Both text-dependent and independent methods have a serious weakness. That is, these security systems can easily be circumvented, because someone can play back the recorded voice of a registered speaker uttering key words or sentences into the microphone and be accepted as the registered speaker. Another problem is that people often do not like text-dependent systems because they do not like to utter their identification number, such as their social security number, within the hearing of other people. To cope with these problems, some methods use a small set of words, such as digits as key words, and each user is prompted to utter a given sequence of key words which is randomly chosen every time the system is used. Yet even this method is not reliable enough, since it can be circumvented with advanced electronic recording equipment that can reproduce key words in a requested order. Therefore, a text-prompted speaker recognition method has been proposed in which password sentences are completely changed every time.

Text-Dependent Speaker Recognition Methods

Text-dependent speaker recognition methods can be classified into DTW (dynamic time warping) or HMM (hidden Markov model) based methods.

DTW-Based Methods

In this approach, each utterance is represented by a sequence of feature vectors, generally, short-term spectral feature vectors, and the trial-to-trial timing variation of utterances of the same text is normalized by aligning the analyzed feature vector sequence of a test utterance to the template feature vector sequence using a DTW algorithm. The overall distance between the test utterance and the template is used for the recognition decision. When multiple templates are used to represent spectral variation, distances between the test utterance and the templates are averaged and then used to make the decision. The DTW approach has trouble modeling the statistical variation in spectral features.

HMM-Based Methods

An HMM can efficiently model the statistical variation in spectral features. Therefore, HMM-based methods have achieved significantly better recognition accuracies than DTW-based methods.

Text-Independent Speaker Recognition Methods

In text-independent speaker recognition, generally the words or sentences used in recognition trials cannot be predicted. Since it is impossible to model or match speech events at the word or sentence level, the following four kinds of methods have been investigated.

Long-Term-Statistics-Based Methods

Long-term sample statistics of various spectral features, such as the mean and variance of spectral features over a series of utterances, have been used.
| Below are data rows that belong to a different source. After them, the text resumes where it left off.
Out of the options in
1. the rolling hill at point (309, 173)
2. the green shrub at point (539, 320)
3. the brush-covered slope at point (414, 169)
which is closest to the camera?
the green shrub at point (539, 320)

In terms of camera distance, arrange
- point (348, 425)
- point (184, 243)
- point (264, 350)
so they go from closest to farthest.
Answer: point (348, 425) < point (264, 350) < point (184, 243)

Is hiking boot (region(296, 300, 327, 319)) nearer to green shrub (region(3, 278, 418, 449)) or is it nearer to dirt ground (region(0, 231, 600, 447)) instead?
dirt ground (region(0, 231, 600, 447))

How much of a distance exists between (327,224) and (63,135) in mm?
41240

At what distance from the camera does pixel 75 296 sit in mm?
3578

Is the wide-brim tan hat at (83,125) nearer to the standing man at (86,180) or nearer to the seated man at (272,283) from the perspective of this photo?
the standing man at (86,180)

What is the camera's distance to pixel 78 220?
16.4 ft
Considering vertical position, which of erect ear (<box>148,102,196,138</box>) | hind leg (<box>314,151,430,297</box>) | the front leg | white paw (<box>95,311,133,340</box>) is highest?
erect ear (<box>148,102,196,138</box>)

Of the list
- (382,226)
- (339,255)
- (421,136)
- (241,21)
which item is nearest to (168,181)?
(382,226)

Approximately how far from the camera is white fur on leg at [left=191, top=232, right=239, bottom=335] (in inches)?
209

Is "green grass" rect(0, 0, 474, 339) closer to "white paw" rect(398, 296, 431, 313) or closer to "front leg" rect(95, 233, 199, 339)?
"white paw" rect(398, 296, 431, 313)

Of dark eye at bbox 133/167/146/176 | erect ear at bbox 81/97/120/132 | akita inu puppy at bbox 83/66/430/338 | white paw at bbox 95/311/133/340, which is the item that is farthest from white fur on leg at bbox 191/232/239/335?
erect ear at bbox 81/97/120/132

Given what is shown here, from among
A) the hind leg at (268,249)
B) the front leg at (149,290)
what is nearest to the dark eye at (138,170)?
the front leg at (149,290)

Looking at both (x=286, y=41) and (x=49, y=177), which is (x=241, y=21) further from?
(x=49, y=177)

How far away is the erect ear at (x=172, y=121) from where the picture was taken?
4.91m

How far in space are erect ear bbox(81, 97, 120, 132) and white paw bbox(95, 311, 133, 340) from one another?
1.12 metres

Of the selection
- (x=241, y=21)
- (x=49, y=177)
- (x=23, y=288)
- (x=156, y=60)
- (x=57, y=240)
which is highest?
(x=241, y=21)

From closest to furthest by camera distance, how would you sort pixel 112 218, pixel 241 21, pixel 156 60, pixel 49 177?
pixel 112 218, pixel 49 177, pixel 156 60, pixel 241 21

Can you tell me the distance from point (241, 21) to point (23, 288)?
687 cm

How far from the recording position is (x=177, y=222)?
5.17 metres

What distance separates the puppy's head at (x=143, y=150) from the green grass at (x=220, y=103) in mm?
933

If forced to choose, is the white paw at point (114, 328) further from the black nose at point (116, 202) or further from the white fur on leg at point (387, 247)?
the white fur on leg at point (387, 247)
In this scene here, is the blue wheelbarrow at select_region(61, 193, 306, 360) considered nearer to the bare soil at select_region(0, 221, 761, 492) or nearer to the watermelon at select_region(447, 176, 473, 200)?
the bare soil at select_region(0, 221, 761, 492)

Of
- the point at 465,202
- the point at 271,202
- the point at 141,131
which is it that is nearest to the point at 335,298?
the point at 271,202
Long-term spectral averages are extreme condensations of the spectral characteristics of a speaker's utterances and, as such, lack the discriminating power of the sequences of short-term spectral features used as models in text-dependent methods.

VQ-Based Methods

A set of short-term training feature vectors of a speaker can be used directly to represent the essential characteristics of that speaker. However, such a direct representation is impractical when the number of training vectors is large, since the memory and amount of computation required become prohibitively large. Therefore, attempts have been made to find efficient ways of compressing the training data using vector quantization (VQ) techniques.

In this method, VQ codebooks, consisting of a small number of representative feature vectors, are used as an efficient means of characterizing speaker-specific features. In the recognition stage, an input utterance is vector-quantized by using the codebook of each reference speaker; the VQ distortion accumulated over the entire input utterance is used for making the recognition determination.
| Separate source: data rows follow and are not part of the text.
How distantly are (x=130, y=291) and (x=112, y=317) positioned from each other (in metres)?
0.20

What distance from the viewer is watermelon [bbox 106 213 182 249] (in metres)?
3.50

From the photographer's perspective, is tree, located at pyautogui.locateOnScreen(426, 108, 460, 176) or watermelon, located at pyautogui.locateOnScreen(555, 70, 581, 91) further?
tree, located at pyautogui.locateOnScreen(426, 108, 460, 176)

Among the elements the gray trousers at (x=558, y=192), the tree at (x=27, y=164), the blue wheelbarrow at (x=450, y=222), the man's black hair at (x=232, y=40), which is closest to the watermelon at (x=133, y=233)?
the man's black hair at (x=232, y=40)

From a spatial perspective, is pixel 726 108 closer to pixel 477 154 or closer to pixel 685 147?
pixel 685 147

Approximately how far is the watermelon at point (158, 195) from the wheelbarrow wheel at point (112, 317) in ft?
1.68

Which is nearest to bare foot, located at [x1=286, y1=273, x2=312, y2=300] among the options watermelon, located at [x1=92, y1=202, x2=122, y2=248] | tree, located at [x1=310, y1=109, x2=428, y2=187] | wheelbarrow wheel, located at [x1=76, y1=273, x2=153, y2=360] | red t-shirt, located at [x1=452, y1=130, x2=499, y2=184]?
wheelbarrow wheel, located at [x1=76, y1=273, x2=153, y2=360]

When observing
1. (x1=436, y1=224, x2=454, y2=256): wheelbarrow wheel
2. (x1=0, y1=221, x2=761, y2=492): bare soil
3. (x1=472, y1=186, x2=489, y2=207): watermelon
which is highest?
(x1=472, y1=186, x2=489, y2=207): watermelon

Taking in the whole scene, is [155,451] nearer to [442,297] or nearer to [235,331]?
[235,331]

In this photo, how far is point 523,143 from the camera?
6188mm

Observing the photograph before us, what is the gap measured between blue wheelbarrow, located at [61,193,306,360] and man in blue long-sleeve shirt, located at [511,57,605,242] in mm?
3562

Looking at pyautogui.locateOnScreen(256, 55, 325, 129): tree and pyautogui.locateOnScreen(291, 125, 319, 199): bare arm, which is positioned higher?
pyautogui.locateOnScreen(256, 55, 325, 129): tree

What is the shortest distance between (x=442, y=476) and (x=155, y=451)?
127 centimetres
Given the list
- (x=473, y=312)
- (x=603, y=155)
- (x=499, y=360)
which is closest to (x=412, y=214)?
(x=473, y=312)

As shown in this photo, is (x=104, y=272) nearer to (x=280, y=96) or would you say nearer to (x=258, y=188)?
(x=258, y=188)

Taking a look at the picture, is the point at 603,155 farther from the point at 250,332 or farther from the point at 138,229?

In contrast with the memoryless (frame-by-frame) VQ-based method, non-memoryless source coding algorithms have also been studied using a segment (matrix) quantization technique. The advantage of a segment quantization codebook over a VQ codebook representation is its characterization of the sequential nature of speech events. A segment modeling procedure for constructing a set of representative time normalized segments called “filler templates” has been proposed. The procedure, a combination of K-means clustering and dynamic programming time alignment, provides a means for handling temporal variation.

Ergodic-HMM-Based Methods

The basic structure is the same as the VQ-based method, but in this method an ergodic HMM is used instead of a VQ codebook. Over a long timescale, the temporal variation in speech signal parameters is represented by stochastic Markovian transitions between states. This method uses a multiple-state ergodic HMM (i.e., all possible transitions between states are allowed) to classify speech segments into one of the broad phonetic categories corresponding to the HMM states. The automatically obtained categories are often characterized as strong voicing, silence, nasal/liquid, stop burst/post silence, frication, etc.
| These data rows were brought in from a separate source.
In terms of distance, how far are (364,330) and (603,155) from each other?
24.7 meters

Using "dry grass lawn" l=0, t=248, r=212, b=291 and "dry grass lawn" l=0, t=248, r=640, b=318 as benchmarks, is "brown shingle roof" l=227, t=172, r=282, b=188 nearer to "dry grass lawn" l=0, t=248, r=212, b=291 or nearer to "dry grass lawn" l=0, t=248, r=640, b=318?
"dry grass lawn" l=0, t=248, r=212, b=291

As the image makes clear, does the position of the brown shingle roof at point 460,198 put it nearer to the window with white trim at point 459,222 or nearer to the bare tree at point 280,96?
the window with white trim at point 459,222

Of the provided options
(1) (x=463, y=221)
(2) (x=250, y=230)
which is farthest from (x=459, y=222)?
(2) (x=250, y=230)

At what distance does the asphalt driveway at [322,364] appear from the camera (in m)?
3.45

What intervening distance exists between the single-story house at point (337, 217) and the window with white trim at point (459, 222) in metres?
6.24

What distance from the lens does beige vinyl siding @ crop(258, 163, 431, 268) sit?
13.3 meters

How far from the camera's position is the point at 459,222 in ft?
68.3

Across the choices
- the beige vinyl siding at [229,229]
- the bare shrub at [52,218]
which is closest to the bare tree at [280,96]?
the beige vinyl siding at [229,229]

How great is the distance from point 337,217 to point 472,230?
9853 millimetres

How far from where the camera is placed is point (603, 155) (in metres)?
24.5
The VQ-based method has been compared with the discrete/continuous ergodic HMM-based method, particularly from the viewpoint of robustness against utterance variations. It was found that the continuous ergodic HMM method is far superior to the discrete ergodic HMM method and that the continuous ergodic HMM method is as robust as the VQ-based method when enough training data is available. However, when little data is available, the VQ-based method is more robust than the continuous HMM method. Speaker identification rates using the continuous HMM were investigated as a function of the number of states and mixtures. It was shown that the speaker recognition rates were strongly correlated with the total number of mixtures, irrespective of the number of states. This means that using information on transitions between different states is ineffective for text-independent speaker recognition.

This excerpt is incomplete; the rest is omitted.